Record excerpts Start Marker

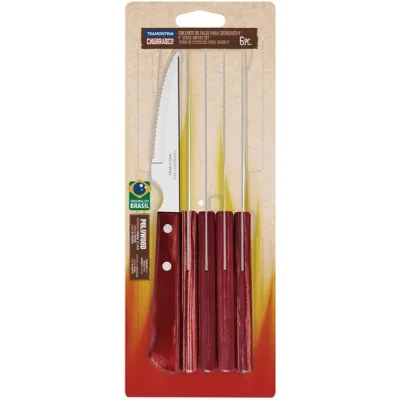 Столовий ніж Tramontina Barbecue Polywood для стейку 6 шт Red Wood (21109/674)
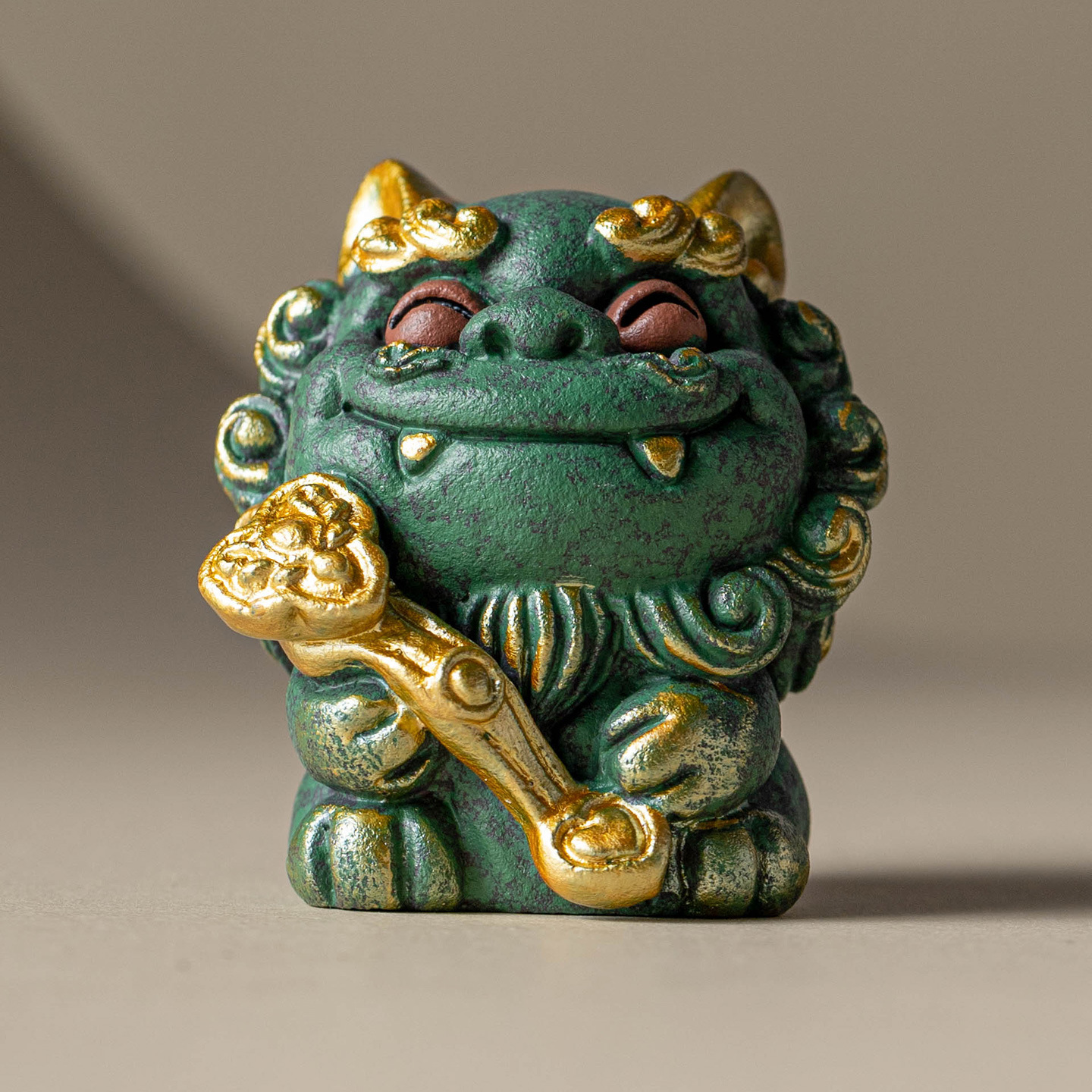 Đồ trang trí thủ công bằng đá sa thạch xanh sáng tạo hình sư tử Trung Quốc cao cấp, phụ kiện nhà cửa độc đáo, thiết kế tinh xảo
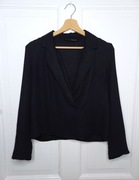 Czarna prześwitująca bluzka z dekoltem koronkowym w stylu marynarki ZARA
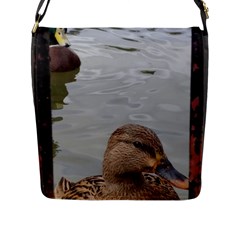 Framed Ducks Flap Closure Messenger Bag (l) by okhismakingart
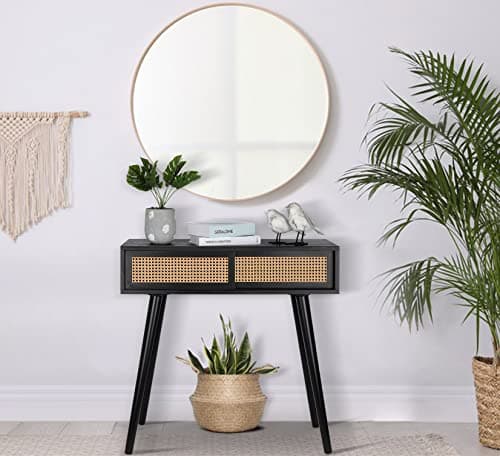 Narrow Boho Console Table, 31" Rattan Entryway Vanity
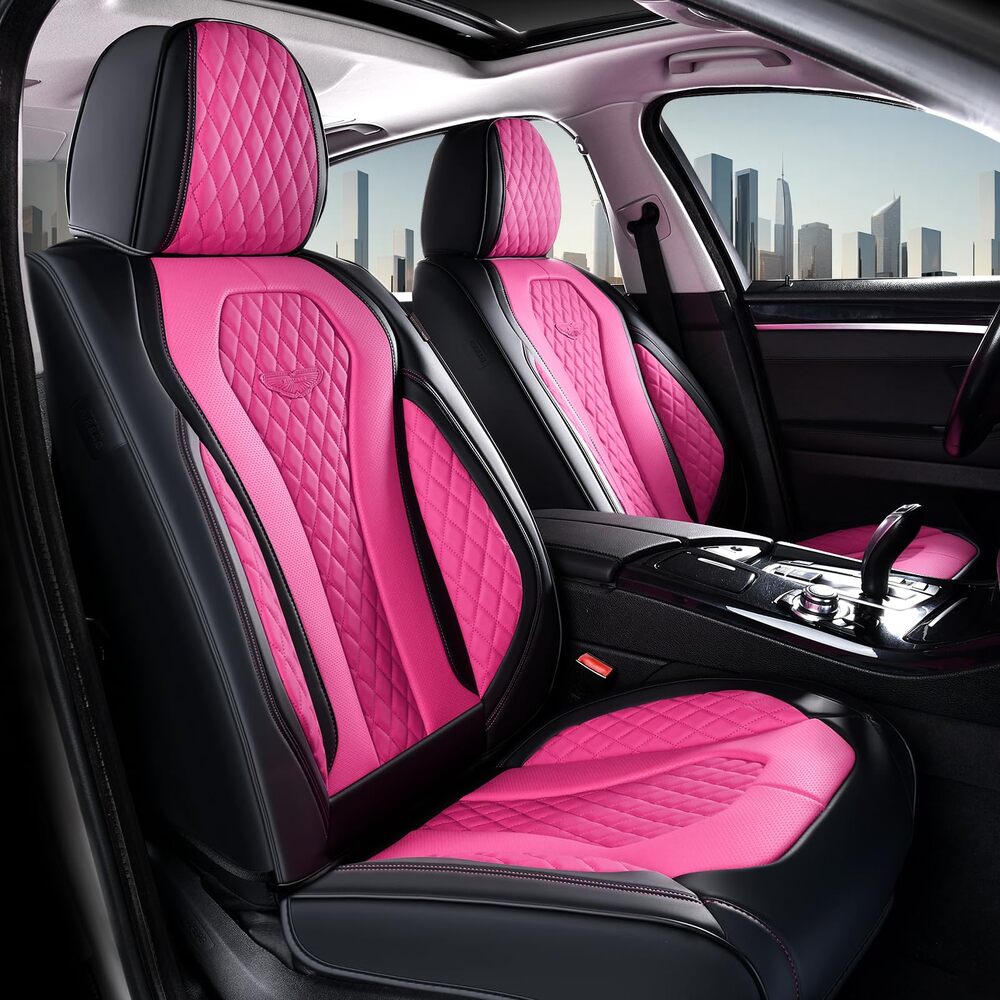 2 Seats Coverado Front Driver Passenger Premium Leather Front Car Seat Covers Water Resistant Luxury Auto Seat Protectors Universal Fit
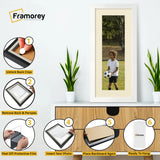 Flat Panoramic White Photo Frame Wall Art Frame With Ivory Mount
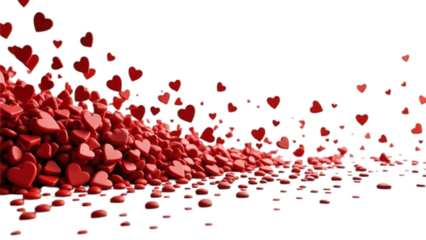 Pile of Red Hearts Flowing and Falling on White Background graphic design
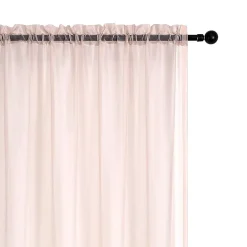 Crystal Sheer Rod Pocket Sheer Set of 2 Curtain Panel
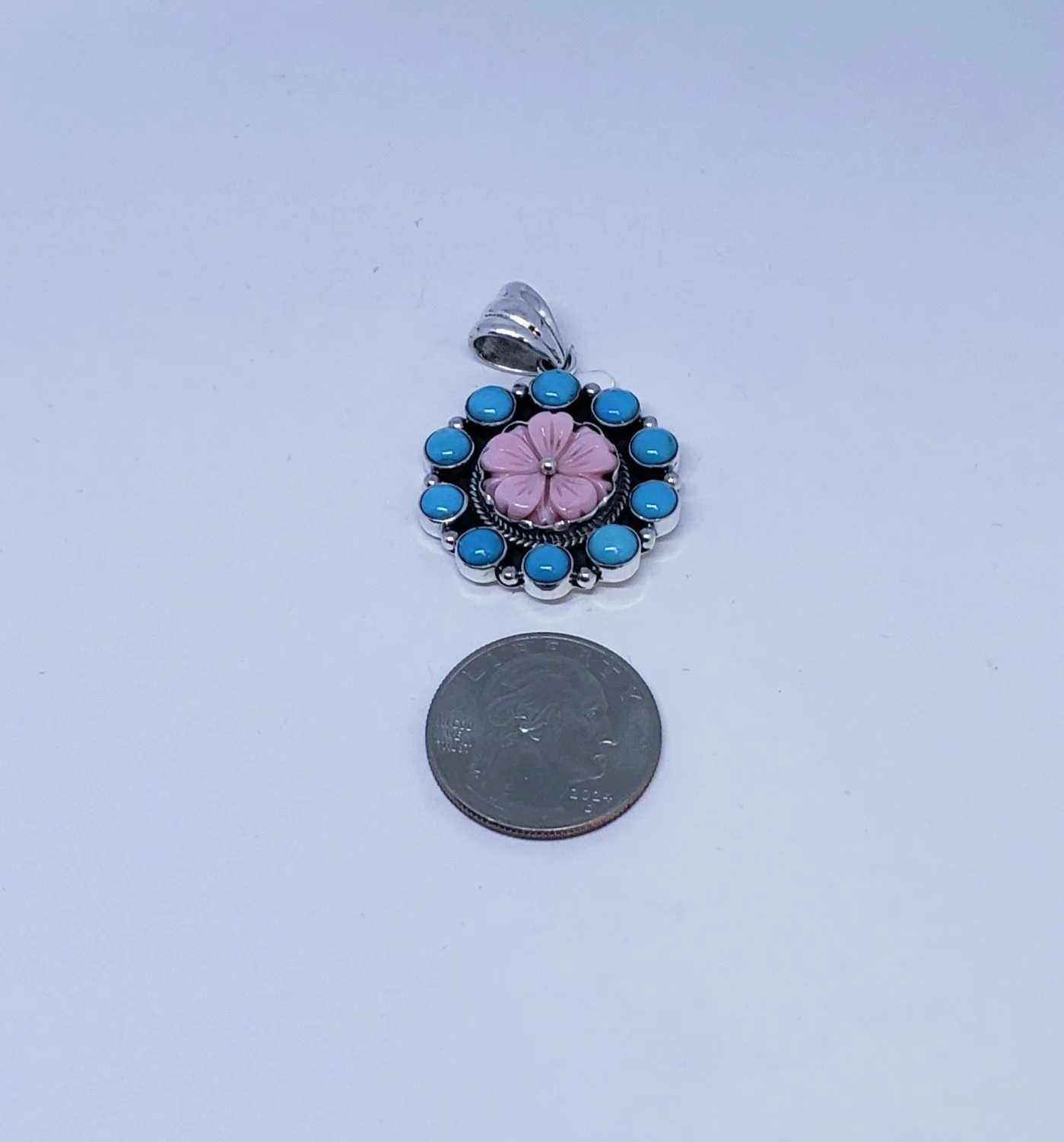 Conch Shell Pendant with Turquoise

Record excerpts End Marker

Activity: Exactly the lines from the line containing "Đồ trang trí" to the end of the records need to be copied, both ends included, with pictures left out.

Response:
 Đồ trang trí thủ công bằng đá sa thạch xanh sáng tạo hình sư tử Trung Quốc cao cấp, phụ kiện nhà cửa độc đáo, thiết kế tinh xảo
 Czarna prześwitująca bluzka z dekoltem koronkowym w stylu marynarki ZARA
 Framed Ducks Flap Closure Messenger Bag (l) by okhismakingart
 Narrow Boho Console Table, 31" Rattan Entryway Vanity
 2 Seats Coverado Front Driver Passenger Premium Leather Front Car Seat Covers Water Resistant Luxury Auto Seat Protectors Universal Fit
 Flat Panoramic White Photo Frame Wall Art Frame With Ivory Mount
 Pile of Red Hearts Flowing and Falling on White Background graphic design
 Crystal Sheer Rod Pocket Sheer Set of 2 Curtain Panel
 Conch Shell Pendant with Turquoise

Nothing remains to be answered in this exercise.